“India is not a straight road,” said Rashesh Shah, who founded Edelweiss Financial Services Ltd. in 1995 and built it into a roughly $770 million group. “It’s not like you can take the US business model and just transport it,” he said in an interview in Mumbai. India “requires investment and patience. You’ve really got to have a 10 to 20-year view.”
Shah’s comments come as the South Asian nation may have overtaken an aging and slowing China as the world’s most populous country, and its benchmark stock index traded last quarter at the highest in 10 years versus the S&P 500. As the US-China rivalry provides a tailwind, Morgan Stanley predicts that India will account for a fifth of the world’s economic expansion this decade.
The 59-year-old chairman of Edelweiss said it’s important to take a “bifocal view” on India, being optimistic in the long run but prepared for short-term upheaval. (As a case in point, the country’s stock market has been rocked since the interview by a short seller report targeting billionaire Gautam Adani’s empire.) India is remarkably stable over time, Shah said, pointing to economic expansion that usually ranges from 5% to 8%, inflation within a set range and a rupee that has steadily depreciated against the dollar.
But that doesn’t mean the journey will be smooth.

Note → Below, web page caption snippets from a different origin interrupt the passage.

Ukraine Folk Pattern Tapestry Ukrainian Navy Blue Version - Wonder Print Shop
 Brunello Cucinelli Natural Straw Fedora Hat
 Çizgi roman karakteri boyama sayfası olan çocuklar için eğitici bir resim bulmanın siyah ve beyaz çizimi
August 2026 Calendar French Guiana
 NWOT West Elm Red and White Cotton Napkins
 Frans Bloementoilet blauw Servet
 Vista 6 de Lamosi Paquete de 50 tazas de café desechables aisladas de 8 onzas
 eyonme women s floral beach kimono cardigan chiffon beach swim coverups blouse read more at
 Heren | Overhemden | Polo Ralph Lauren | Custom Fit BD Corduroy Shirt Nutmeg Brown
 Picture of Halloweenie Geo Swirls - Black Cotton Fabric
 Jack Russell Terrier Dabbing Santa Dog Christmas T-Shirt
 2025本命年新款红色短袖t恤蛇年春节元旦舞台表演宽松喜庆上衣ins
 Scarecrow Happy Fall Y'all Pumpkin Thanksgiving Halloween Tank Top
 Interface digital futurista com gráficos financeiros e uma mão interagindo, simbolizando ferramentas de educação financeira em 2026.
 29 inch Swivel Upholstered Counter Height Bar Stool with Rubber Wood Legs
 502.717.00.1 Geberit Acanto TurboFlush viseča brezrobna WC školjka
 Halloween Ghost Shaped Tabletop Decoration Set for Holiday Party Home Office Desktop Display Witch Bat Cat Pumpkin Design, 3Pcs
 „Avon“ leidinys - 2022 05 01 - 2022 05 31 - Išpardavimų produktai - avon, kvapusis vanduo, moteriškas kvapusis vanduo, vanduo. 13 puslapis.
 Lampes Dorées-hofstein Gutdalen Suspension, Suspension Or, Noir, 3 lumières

Rules change often in India’s still-young and evolving economy, forcing companies and investors to adapt, he said, giving the example of inevitable regulatory changes as the country beds in its bankruptcy code. “India tries everybody’s patience,” Shah said.
Unsurprisingly for a founder who created a business in the country, Shah is bullish on India’s prospects. He cites four reasons: a “golden age of compounding” where the economy is doubling in size about every eight years; swift advancements in digital infrastructure; improvements in physical infrastructure as well; and the increasing emergence of entrepreneurs with animal spirits, even in regional cities.
Shah said companies such as Hindustan Unilever Ltd. show a commitment to India pays off. Shares of Unilever’s local Indian unit have surged over decades of being listed in the country. He said some global asset managers still see the market as too small for the effort required after some global firms exited their mutual fund businesses in India.Shah, a marathon runner who did a half at the Mumbai race in mid-January, has had his own difficulties in India since 2018, when a credit crisis caused a plunge in Edelweiss’s stock. Shares are down about 80% since May of that year, and the company announced in 2020 that it was selling a majority stake in its wealth management operation to Hong Kong-based private equity firm PAG.
Shah framed this as the natural divestment of a mature business and stressed that he has no plans to retire anytime soon.
“Nothing is going to change,” he said. “We are just spinning off this part.”